- Não era isso que eu queria. Você sabe a que me refiro. Essa coisa sem cara e sem gosto que a gente empurra com a barriga.
- Nem eu. Mas você queria o quê, afinal?
- Eu sei, mas eu não sei.
- Sinto muito.
- O pior é que é horrível e maravilhoso. Decepcionante e fascinante. Daquelas coisas malucas que prendem a atenção, por menos agradáveis que sejam.
- Eu gostaria mesmo de poder fazer alguma coisa por você. Mas acho que estamos no mesmo barco.
- Claro que estamos. Estamos todos no mesmo barco. Um barco fadado a afundar.
- Mas o que há com você, afinal?
- Como assim? O que você quer dizer com isso?
- Qual é o seu problema? O que te impede de fingir que não percebe esse tipo de coisa, assim como todas as outras pessoas, que provavelmente enfrentam problemas muito parecidos, senão idênticos?
- Eu não me vejo preso em um padrão de comportamento. Eu nem ao menos vejo um padrão de comportamento. Eu apenas sou! Posso não ser tão singular quanto imagino, mas acredito ter liberdade o suficiente para reagir aos estímulos da maneira que considerar mais adequada.
- Lhe ocorre que essa maneira é pouquíssimo adequada?
- A quê?
- A tudo.
- E o que diabos eu deveria fazer?
- Não faço a menor idéia. Mas sei o que você deveria não fazer. E é exatamente isso que você está fazendo.
- Quê seria isso?
- Um bom procedimento. Que renderá muitas coisas boas e proveitosas.
- Um procedimento “bom”, segundo o que você diz. Porém incompatível com a minha concepção de bom proceder, mas que você ainda garante que será proveitoso.
- Claro que garanto.
- Não seria a liberdade mais adequada? A felicidade não estaria mais próxima se cada um agisse livremente, de acordo com suas crenças, preferências e noções de certo e errado?

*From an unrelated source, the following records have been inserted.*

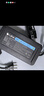 VAVB適用九號F90鋰電充電器Mmax2DzFzFmixQ85V30cM85cNzmix鉛酸充電器 Bmax40/60/90老國標鋰電充電器 曬單實(shí)拍圖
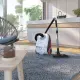 Gorenje 678487 #4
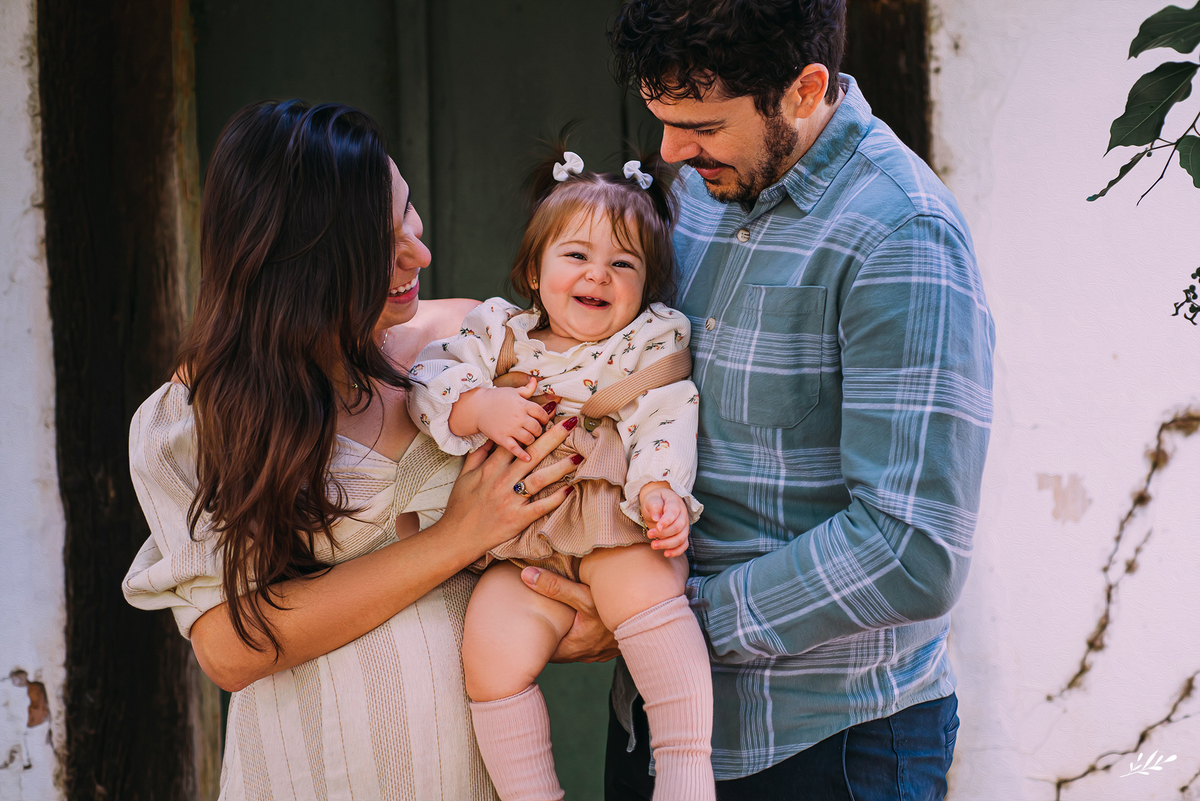 ensaio gestante; ensaio gravidez; ensaio família; ensaio arquitetos; vesta arquitetura; ivoti casas enxaimel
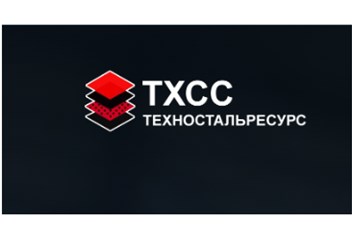 Фото компании ООО Техностальресурс 3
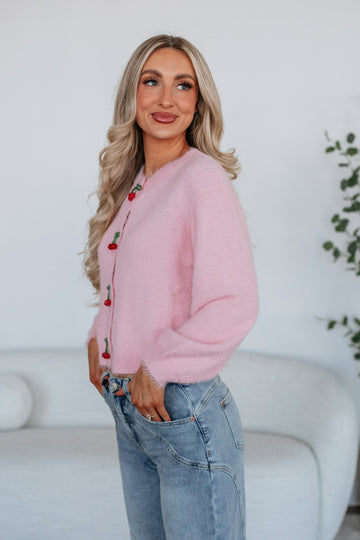 #color_baby-pink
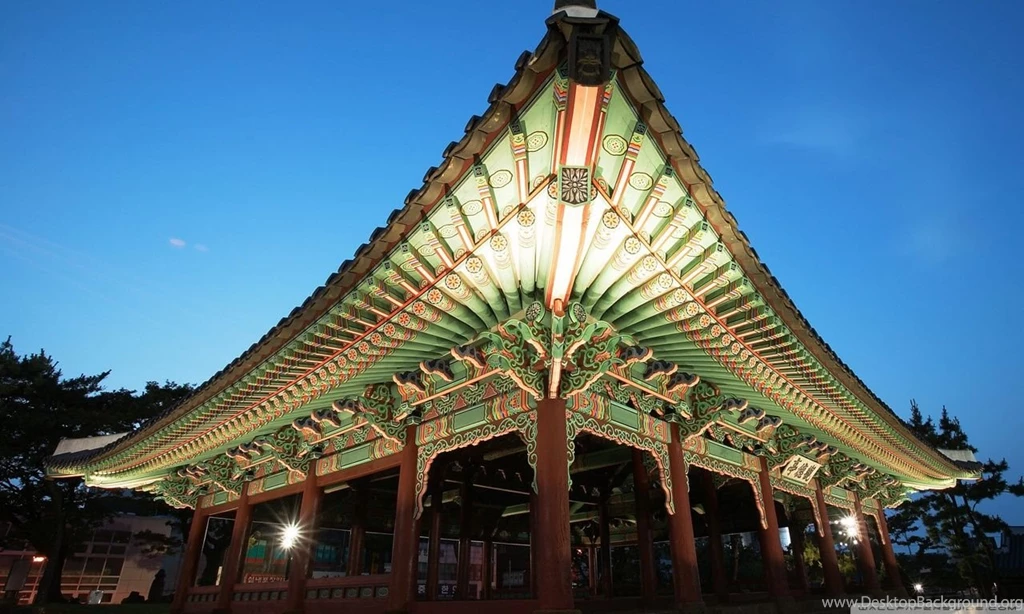 Good HD Desktop Wallpapers : Widescreen : High Definition ...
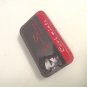 James Dean COOL MINTS TIN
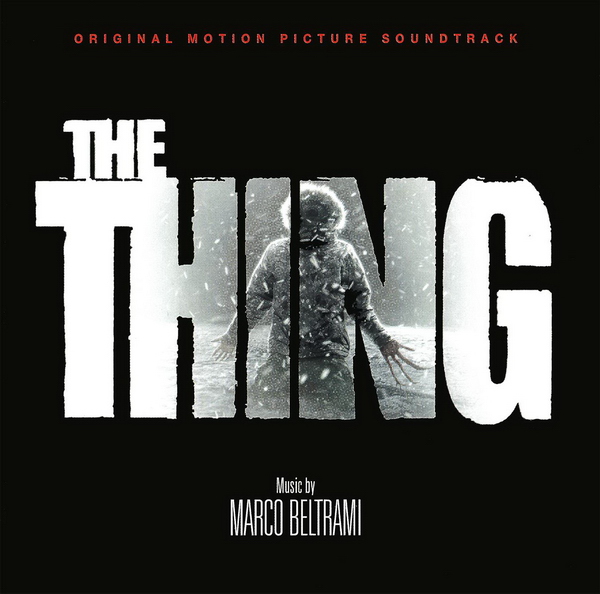 Файл:The Thing (Original Motion Picture Soundtrack).jpeg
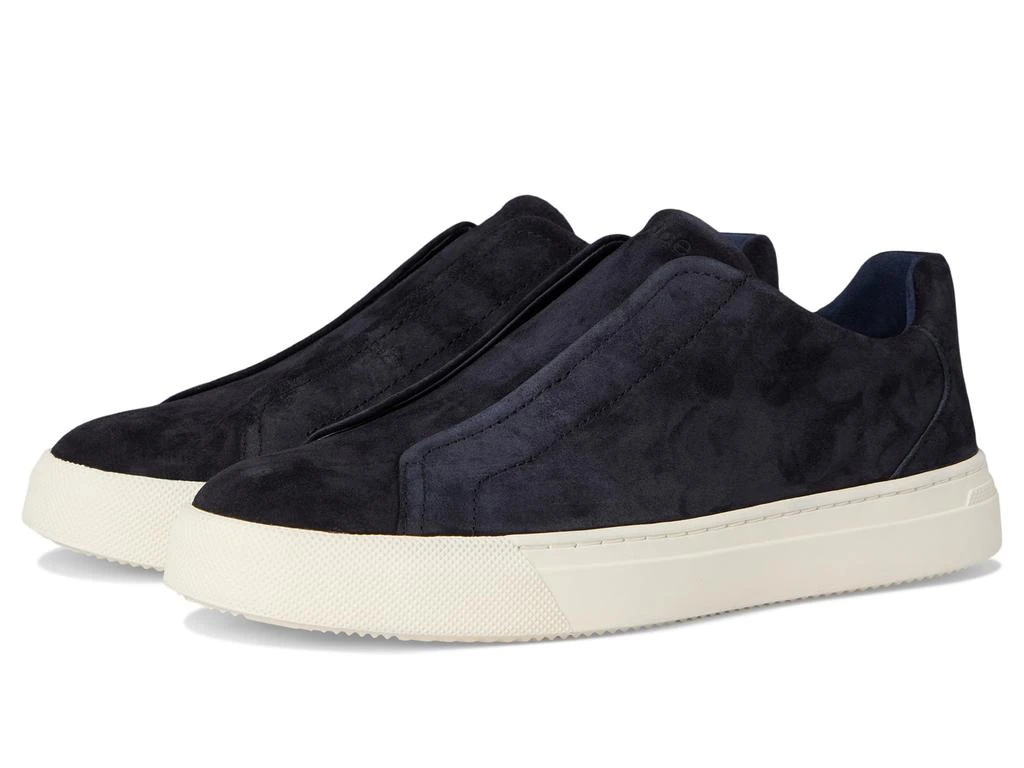 Vince Lakewood Slip-ons 1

- E você acha que isso já não acontece?
- Acho que não. Por que mais estaríamos rodeado de tanta infelicidade e desgraça?
- Exatamente por isso que você acabou de falar. Por que a grande maioria liberta-se agindo da maneira que considera mais adequada, mas que está consequentemente equivocada.
- Não faz sentido.
- E por qual razão haveria de fazer algum sentido?
- Eu apenas esperava que fizesse, sem a necessidade de haver uma razão para isso.
- É a miscelânea humana de desejos frustrados. Passa-se uma vida perseguindo um objetivo que acaba se revelando apenas frustrante. Ou insatisfatório. Você está sempre visando algo maior depois disso, não tem fim.
- Não acredito nisso.
- Não?
- Claro que não. Não faz sentido. Ninguém é livre, há tanta regra, tanta lei, implícita ou não, que nos prende a uma realidade que não nos agrada. É por essa razão que ninguém encontra a felicidade.
- E você considera estar completamente destituído de liberdade?
- Considero.
- E ainda imagina a possibilidade de “ser feliz”?
- Acredito que sim.
- Isso foi surpreendente e decepcionante.
- O que você quer dizer?
- Você é tão livre quanto poderia ser. Sem falar na impossibilidade de “ser feliz” sem a liberdade. Quê te impede de arrancar as roupas e correr para a floresta mais próxima, para viver como os animais? Ou de cometer assassinato, furto, suicídio?
- Minha vontade?
- Não é uma mostra de liberdade?
- De que adianta a possibilidade de viver como um errante, ir a extremos, se para uma vida equilibrada eu me vejo obrigado a me encaixotar e cair sobre uma esteira, como um produto em uma fábrica? Com um número de série carimbado. Não há liberdade nesse sistema de ensino, nesse sistema de trabalho. É como funciona: abaixe a cabeça e entre ou ponha-se para fora. Ou atrás de grades, tal qual um animal.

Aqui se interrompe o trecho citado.